─── EXTRACTED INFORMATION ───
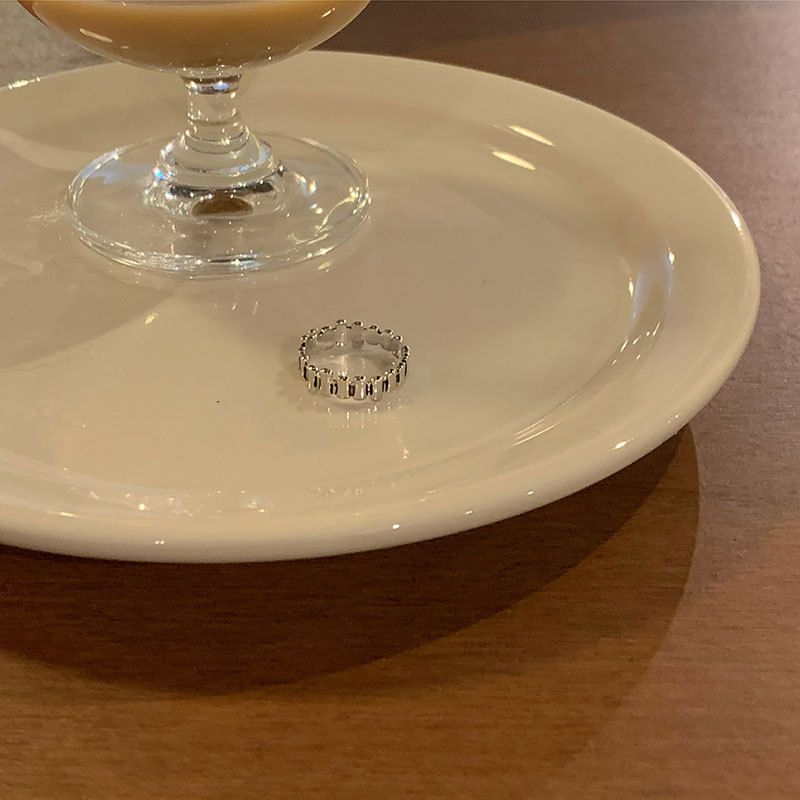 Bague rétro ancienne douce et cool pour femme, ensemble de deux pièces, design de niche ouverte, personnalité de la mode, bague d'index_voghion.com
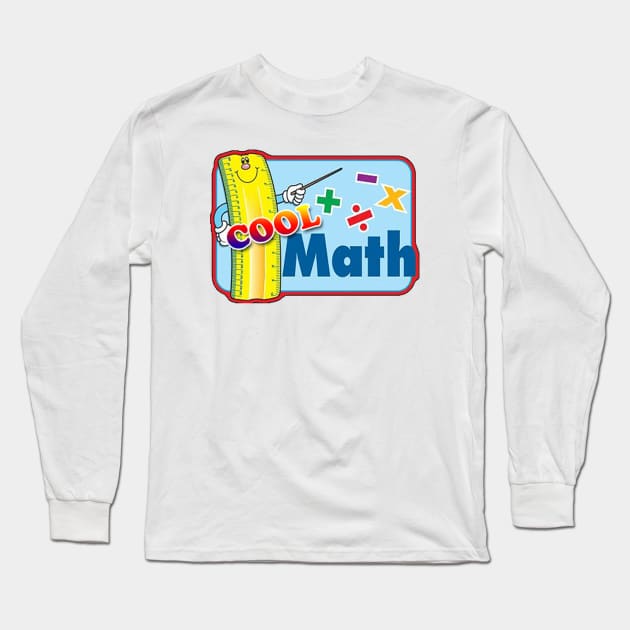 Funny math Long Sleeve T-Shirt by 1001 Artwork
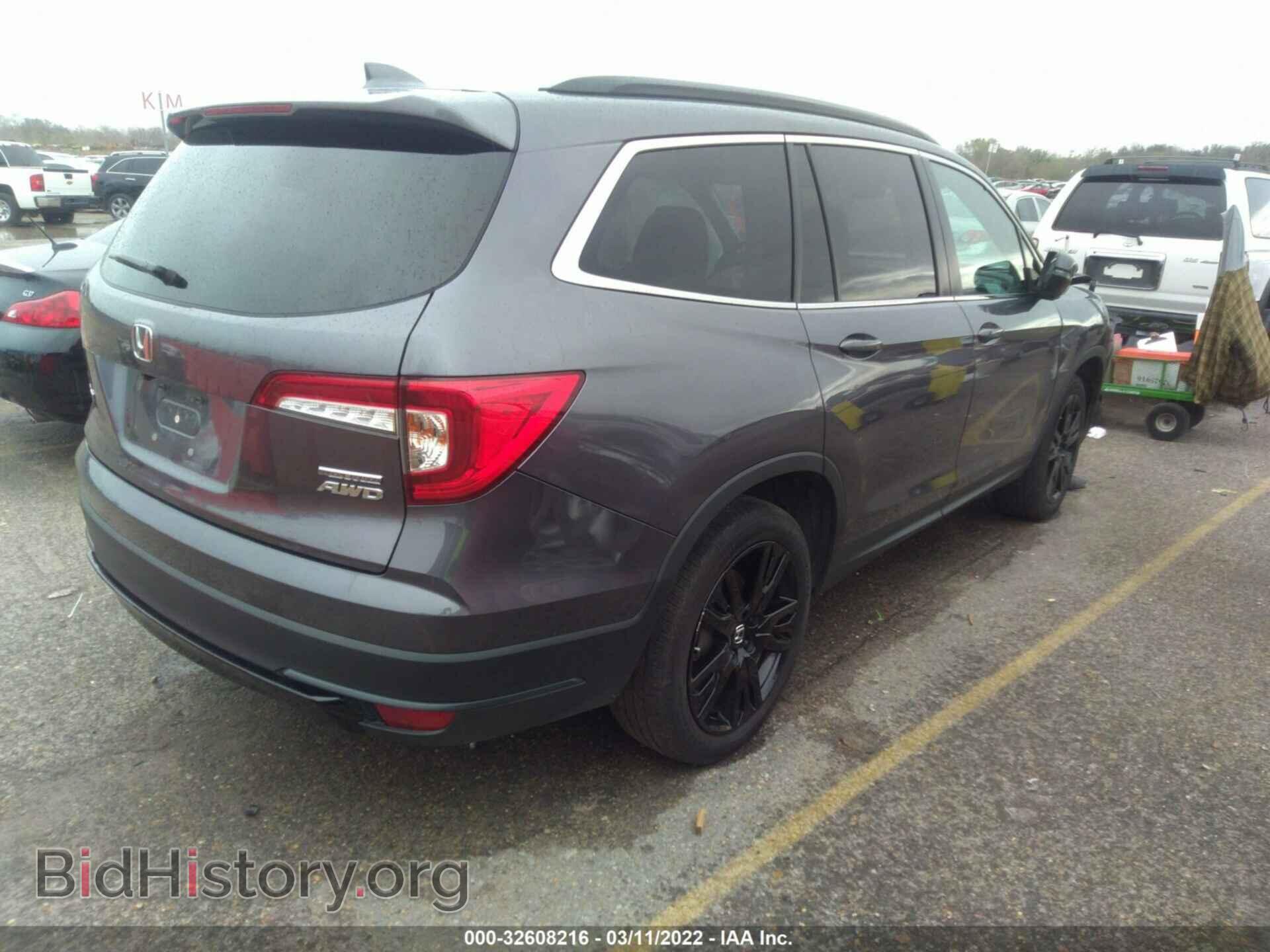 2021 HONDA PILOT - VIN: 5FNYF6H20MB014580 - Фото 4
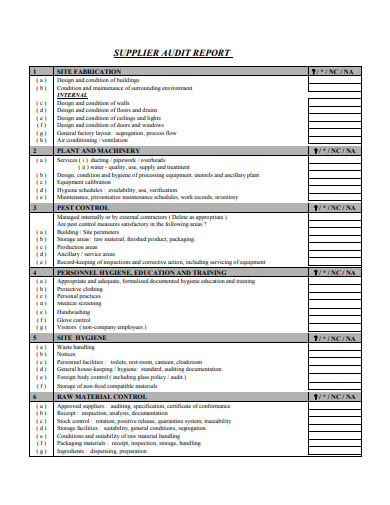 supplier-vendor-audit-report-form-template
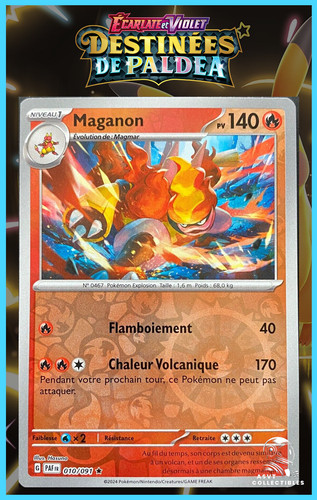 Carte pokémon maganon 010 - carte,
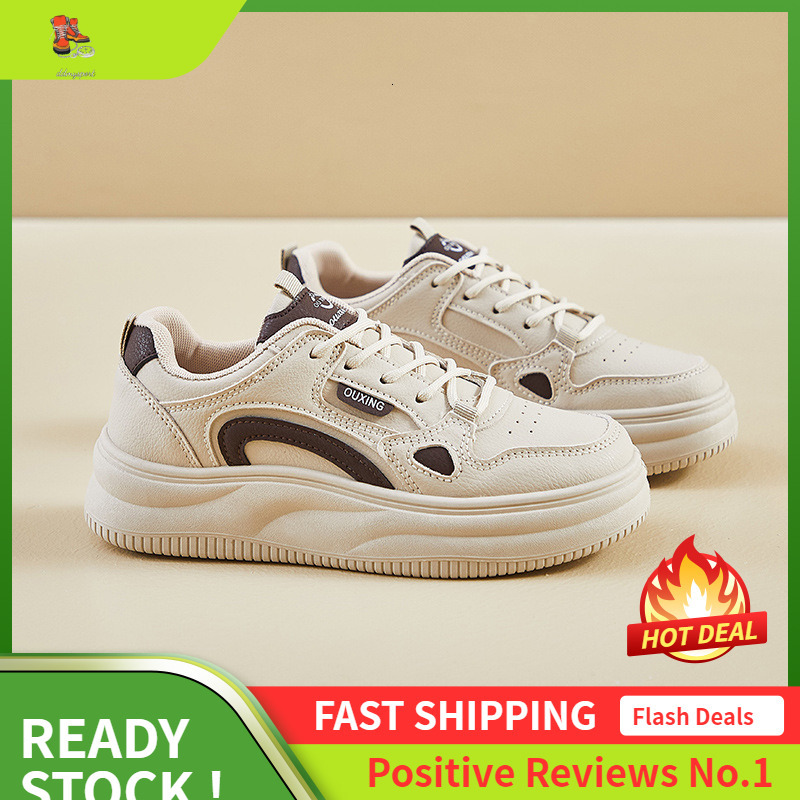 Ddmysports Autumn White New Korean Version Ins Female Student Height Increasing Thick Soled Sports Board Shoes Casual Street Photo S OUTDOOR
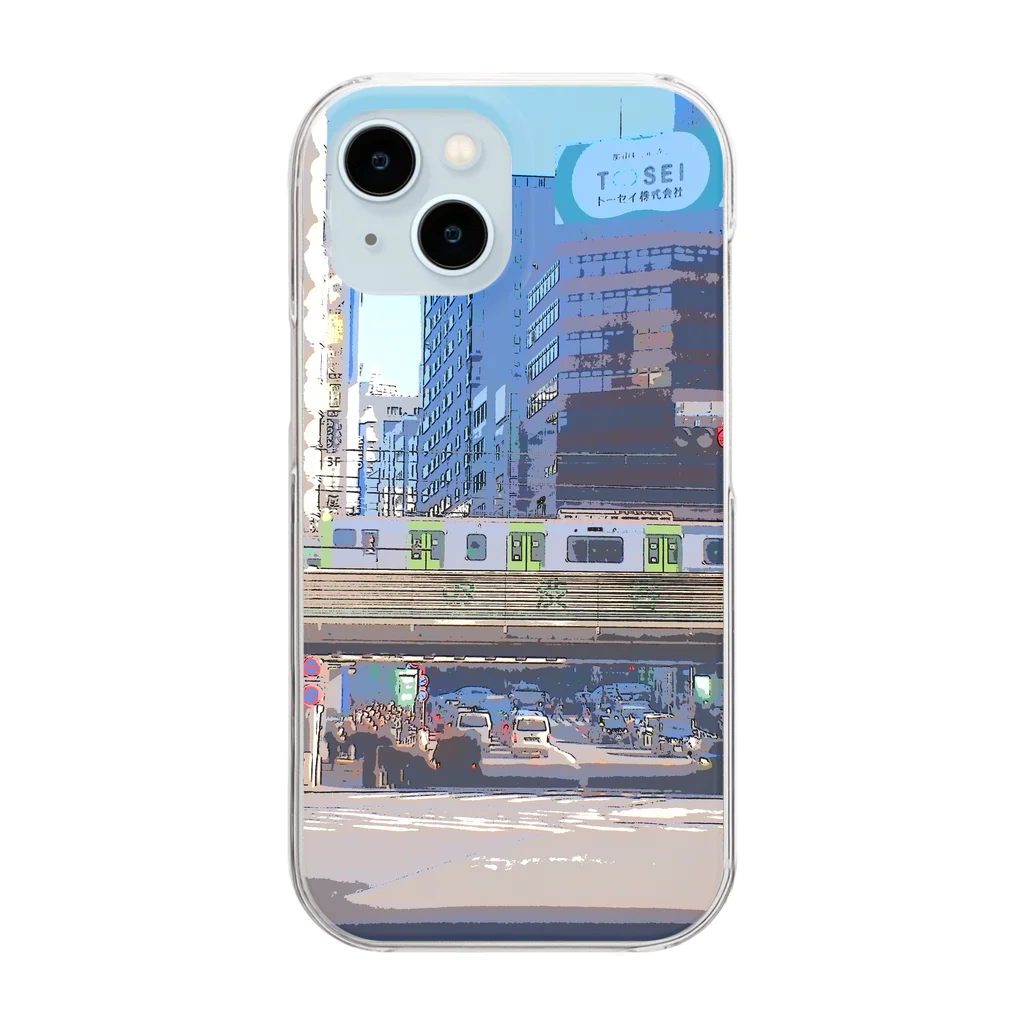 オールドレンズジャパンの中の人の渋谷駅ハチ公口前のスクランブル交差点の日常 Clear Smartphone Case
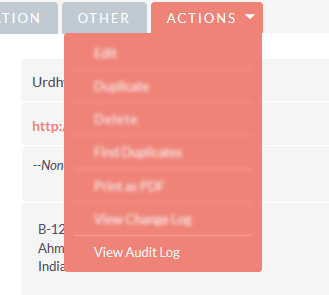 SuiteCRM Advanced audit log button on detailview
───
> [WHAT IS NEEDED]
The response must restate exactly the lines from the one containing "Ddmysports Autumn White" through the end of the records above and must leave out all pictures.

> [OUTPUT OF THE TASK]
 Ddmysports Autumn White New Korean Version Ins Female Student Height Increasing Thick Soled Sports Board Shoes Casual Street Photo S OUTDOOR
 オールドレンズジャパンの中の人の渋谷駅ハチ公口前のスクランブル交差点の日常 Clear Smartphone Case
 SuiteCRM Advanced audit log button on detailview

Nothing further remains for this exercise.